EMENTA: EMBARGOS INFRINGENTES - CRIME CONTRA A PROPRIEDADE INTELECTUAL - MATERIALIDADE DEMONSTRADA - EMBARGOS REJEITADOS. 1. Conforme precedentes do STJ, nos crimes de violação de direito autoral, não é necessário que o exame pericial abarque todas as mídias apreendidas, sendo suficiente a apreensão e constatação da falsificação por amostragem. Além disso, a materialidade delitiva pode ser afirmada por exames visuais sobre a mídia fraudada, não sendo necessária a identificação de cada uma das vítimas do crime. 2. Embargos não acolhidos.

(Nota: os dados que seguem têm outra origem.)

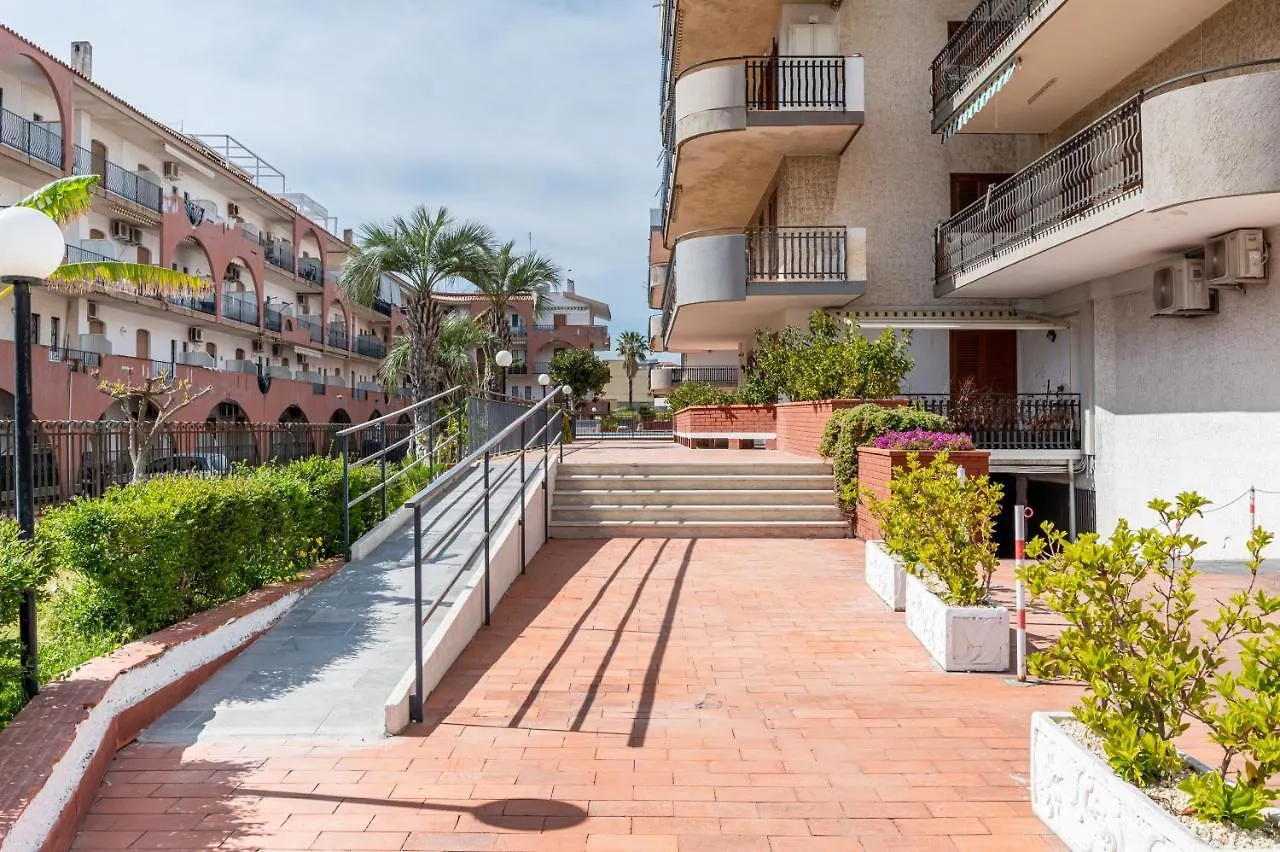 지아르디니낙소스 Naxos Charming Penthouse With Swimming Pool X6 아파트 이탈리아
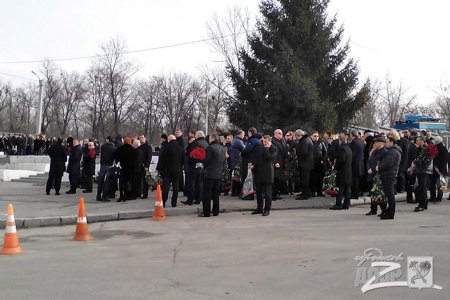 В Харькове хоронят расстрелянного бизнесмена (фото)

EMB INFRING E DE NULIDADE Nº 1.0056.11.005435-2/003 - COMARCA DE BARBACENA - EMBARGANTE (S): WELLINGTON JUNIOR BATISTA DA ROCHA - EMBARGADO (A)(S): MINISTÉRIO PÚBLICO DO ESTADO DE MINAS GERAIS

A C Ó R D Ã O

Vistos etc., acorda, em Turma, a 4ª CÂMARA CRIMINAL do Tribunal de Justiça do Estado de Minas Gerais, na conformidade da ata dos julgamentos, em REJEITAR OS EMBARGOS INFRINGENTES, VENCIDO O DES. 3º VOGAL.

DES. EDUARDO BRUM

RELATOR.





DES. EDUARDO BRUM (RELATOR)



V O T O

Trata-se de embargos infringentes opostos por Wellington Junior Batista da Rocha (fls. 128/131v) em face do v. acórdão de fls. 102/107 (integrado às fls. 122/124, intentando resgatar o v. voto minoritário proferido pelo eminente Des. Corrêa Camargo, cujo pronunciamento como Vogal, na sede apelatória, negou provimento ao recurso interposto pelo Ministério Público para manter a absolvição do ora embargante da acusação de ter praticado o crime tipificado no art. 184, § 2º, do CP, ao entendimento de que a materialidade da infração não restou devidamente comprovada, conforme rigorosamente exigido pelo CPP, no que restou vencido.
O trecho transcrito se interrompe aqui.